ACTIVITY
Give back exactly the lines of the material below, starting with the line with "buttons comparison FujiFilm" and going on through the line with "Chrome Modern Globe".

EXERCISE DATA

= = =

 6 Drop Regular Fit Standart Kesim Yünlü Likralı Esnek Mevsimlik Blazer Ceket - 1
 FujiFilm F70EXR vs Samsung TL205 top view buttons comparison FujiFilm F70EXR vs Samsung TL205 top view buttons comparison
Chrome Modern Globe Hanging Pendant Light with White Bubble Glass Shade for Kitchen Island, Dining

= = =

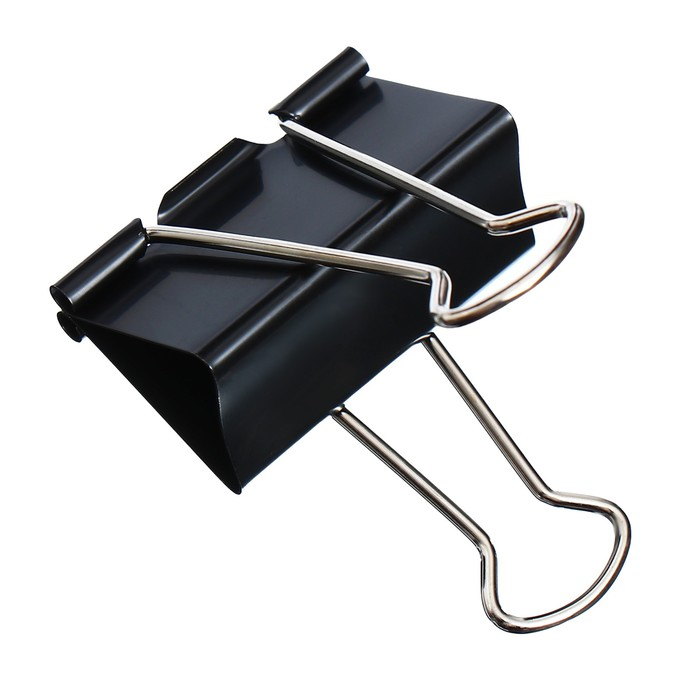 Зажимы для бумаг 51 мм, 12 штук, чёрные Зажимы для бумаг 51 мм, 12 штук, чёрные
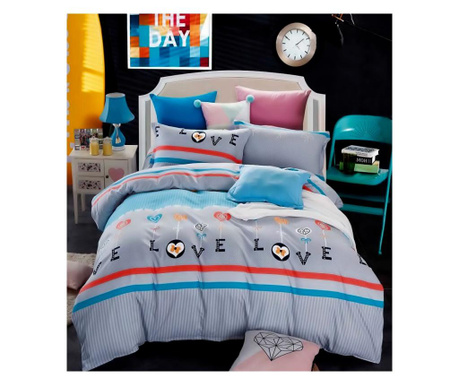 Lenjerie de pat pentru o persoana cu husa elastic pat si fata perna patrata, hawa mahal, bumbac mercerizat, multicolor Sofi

= = =

OUTPUT FOR THIS TASK
 FujiFilm F70EXR vs Samsung TL205 top view buttons comparison FujiFilm F70EXR vs Samsung TL205 top view buttons comparison
Chrome Modern Globe Hanging Pendant Light with White Bubble Glass Shade for Kitchen Island, Dining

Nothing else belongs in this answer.